Essas empresas são exemplos de como a economia da experiência pode ser aplicada com sucesso em diferentes setores e mercados. Elas se concentram em fornecer um atendimento personalizado, criar ambientes agradáveis e oferecer produtos e serviços de alta qualidade para criar experiências memoráveis e fidelizar seus clientes.

BOOM DA EXPERIÊNCIA

No fim dos anos 1990, o termo economia da experiência se tornou o estandarte de uma revolução no mundo dos negócios. Clientes e funcionários se tornaram atores em dramas roteirizados. A narrativa passou a ofuscar os itens físicos.

Quando uma pessoa compra um serviço, ela adquire um conjunto de atividades intangíveis executadas em seu nome. Mas quando ela compra uma experiência, está pagando para passar algum tempo desfrutando de uma série de eventos memoráveis que a empresa encena — como em uma peça de teatro — para engajá-la de uma maneira intrinsecamente pessoal.

À medida que um produto evolui de mera commodity a uma experiência plena, ele emprega mais e mais características de design — e torna-se mais caro. Uma experiência é um evento memorável encenado como uma peça de teatro. Gráfico e tabela adaptados com base em Pine e Gilmore, The Experience Economy.

Muitos produtos contemporâneos combinam aspectos de serviços, experiências, bens e commodities. Um smartphone é uma commodity (usa matérias-primas) embalada dentro de um produto (telefone e sistema operacional básico), embalado dentro de um serviço (plano de operadora), embalado dentro de uma experiência (ecossistema de aplicativos e extras).

As experiências são criadas quando designers tiram a ênfase dos objetos e a colocam nas ações. Pine e Gilmore chamam esse processo de “expandir a coisa” (do inglês, “ing the thing”).
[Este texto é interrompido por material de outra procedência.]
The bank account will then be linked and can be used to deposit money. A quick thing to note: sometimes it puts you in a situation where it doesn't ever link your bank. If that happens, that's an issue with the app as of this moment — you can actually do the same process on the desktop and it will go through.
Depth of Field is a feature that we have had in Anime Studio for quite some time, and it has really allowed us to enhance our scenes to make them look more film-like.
Imagine um anúncio de carro mostrando um motorista deslizando por estradas litorâneas e ruelas europeias, ou uma promoção de franquia de restaurantes que mostra um grupo de amigos dando risada sobre pratos fumegantes de macarronada, ou um panfleto de universidade que mostra jovens de diversas etnias conversando e refletindo sob árvores imponentes. O carro se torna dirigir. A comida se torna sair para jantar. A educação se torna aprender.
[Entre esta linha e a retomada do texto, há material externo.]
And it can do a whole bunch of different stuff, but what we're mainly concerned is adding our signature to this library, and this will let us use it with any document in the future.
Como uma história, uma experiência se desenrola ao longo do tempo. Ela tem início, meio e fim e ativa as emoções e os sentidos. A Economia da Experiência aplica o arco narrativo de Freytag a uma visita ao shopping center ou um dia na Disneylândia. Pines e Gilmore adotaram este diagrama narrativo do livro Computers as Theater (Computadores como teatro), de Brenda Laurel, que usa a curva dramática para explicar interações entre humanos e computadores. A Economia da Experiência inclui referências escassas ao “design” e, no entanto, esse livro influente deriva da teoria do design um de seus princípios centrais. Desde então, os termos “design de experiência” e “experiência do usuário” (UX) entraram no discurso cotidiano do design. Pine e Gilmore diferenciaram os serviços das experiências. Na prática, porém, serviços e experiências tendem a se misturar. Houve um tempo em que sistemas de telefonia geravam pouco ou nenhum valor emocional a seus clientes. Agora, um smartphone é um produto, um utilitário e uma plataforma comercial para produtos digitais. Escolher uma operadora e um plano de serviços tornou-se um processo sutil, orquestrado por meio de websites sofisticados, pontos de venda cheios de branding e scripts de venda cuidadosamente planejados. Outra grande mudança é a transformação de experiências em trocas mútuas entre pessoas e produtos. Designers usam técnicas de co-criação para envolver seus usuários no processo de dar forma a produtos e lugares. Os clientes usam as redes sociais para construir o significado de marcas e para conduzir suas próprias conversas ao redor do valor e da identidade. Os clientes têm mais poder para punir marcas com práticas de negócios, alinhamentos políticos ou posturas ambientais questionáveis. Hoje, praticamente qualquer serviço é também uma experiência.

O design de serviços se tornou um campo especializado que adapta os processos de negócios às necessidades e aos desejos dos usuários.